Chensheng Peng

PhD Student

University of California, Berkeley

About me

I am a Ph.D. student at UC Berkeley, affiliated with Berkeley AI Research (BAIR) Lab, Berkeley DeepDrive (BDD).

I received my Bachelor degree from Shanghai Jiao Tong University.

Research Interests

Generation / Reconstruction
- 3D/4D Generation
- Gaussian Splatting/NeRF
Perception
- Multi-Sensor Fusion
- Efficient Vision Algorithms
- Foundation Models

Publications/Preprints

* denotes equal contribution

DeSiRe-GS: 4D Street Gaussians for Static-Dynamic Decomposition and Surface Reconstruction for Urban Driving Scenes

Chensheng Peng*, Chengwei Zhang, Yixiao Wang, Chenfeng Xu, Yichen Xie, Wenzhao Zheng, Kurt Keutzer, Masayoshi Tomizuka

2025 Computer Vision and Pattern Recognition Conference (CVPR)

We present DeSiRe-GS, a self-supervised gaussian splatting representation, enabling effective static-dynamic decomposition and high-fidelity surface reconstruction in complex driving scenarios. Combined with the introduced geometric regularizations, our method are able to address the over-fitting issues caused by data sparsity in autonomous driving, reconstructing physically plausible Gaussians that align with object surfaces rather than floating in air.

A Lesson in Splats: Teacher-Guided Diffusion for 3D Gaussian Splats Generation with 2D Supervision

Chensheng Peng, Ido Sobol, Masayoshi Tomizuka, Kurt Keutzer, Chenfeng Xu, Or Litany

2024 Arxiv

We introduce a diffusion model for Gaussian Splats, SplatDiffusion, to enable generation of three-dimensional structures from single images, addressing the ill-posed nature of lifting 2D inputs to 3D. Existing methods rely on deterministic, feed-forward predictions, which limit their ability to handle the inherent ambiguity of 3D inference from 2D data. Diffusion models have recently shown promise as powerful generative models for 3D data, including Gaussian splats; however, standard diffusion frameworks typically require the target signal and denoised signal to be in the same modality, which is challenging given the scarcity of 3D data. To overcome this, we propose a novel training strategy that decouples the denoised modality from the supervision modality. By using a deterministic model as a noisy teacher to create the noised signal and transitioning from single-step to multi-step denoising supervised by an image rendering loss, our approach significantly enhances performance compared to the deterministic teacher. Additionally, our method is flexible, as it can learn from various 3D Gaussian Splat (3DGS) teachers with minimal adaptation; we demonstrate this by surpassing the performance of two different deterministic models as teachers, highlighting the potential generalizability of our framework.

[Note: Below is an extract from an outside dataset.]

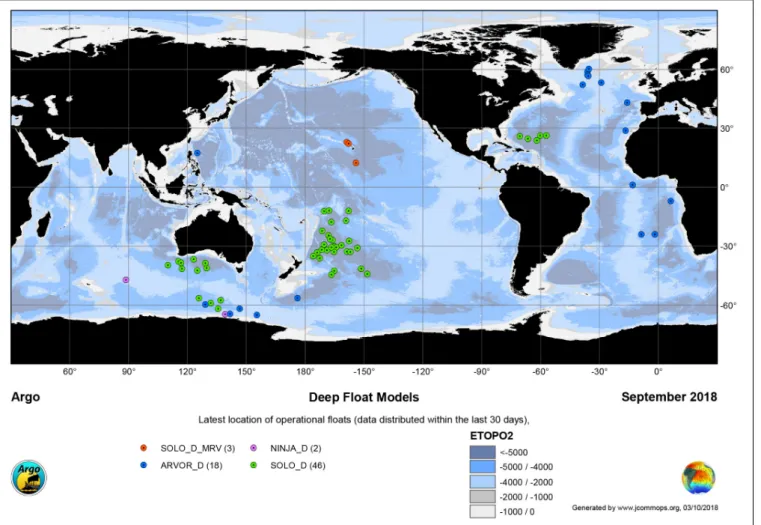 FIGURE 9 | Map of 69 operational Deep Argo floats in September 2018 (rounded symbols), including 46 Deep SOLOs, 3 MRV Deep SOLOs, 18 Deep Arvors, and 2 Deep NINJA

Our approach further incorporates a guidance mechanism to aggregate information from multiple views, enhancing reconstruction quality when more than one view is available.

X-Drive: Cross-modality consistent multi-sensor data synthesis for driving scenarios

Yichen Xie*, Chenfeng Xu*, Chensheng Peng, Shuqi Zhao, Nhat Ho, Alexander T. Pham, Mingyu Ding, Masayoshi Tomizuka, Wei Zhan

2025 International Conference on Learning Representations (ICLR)

We propose a novel framework, X-DRIVE, to model the joint distribution of point clouds and multi-view images via a dual-branch latent diffusion model architecture. Considering the distinct geometrical spaces of the two modalities, X-DRIVE conditions the synthesis of each modality on the corresponding local regions from the other modality, ensuring better alignment and realism. To further handle the spatial ambiguity during denoising, we design the cross-modality condition module based on epipolar lines to adaptively learn the cross-modality local correspondence.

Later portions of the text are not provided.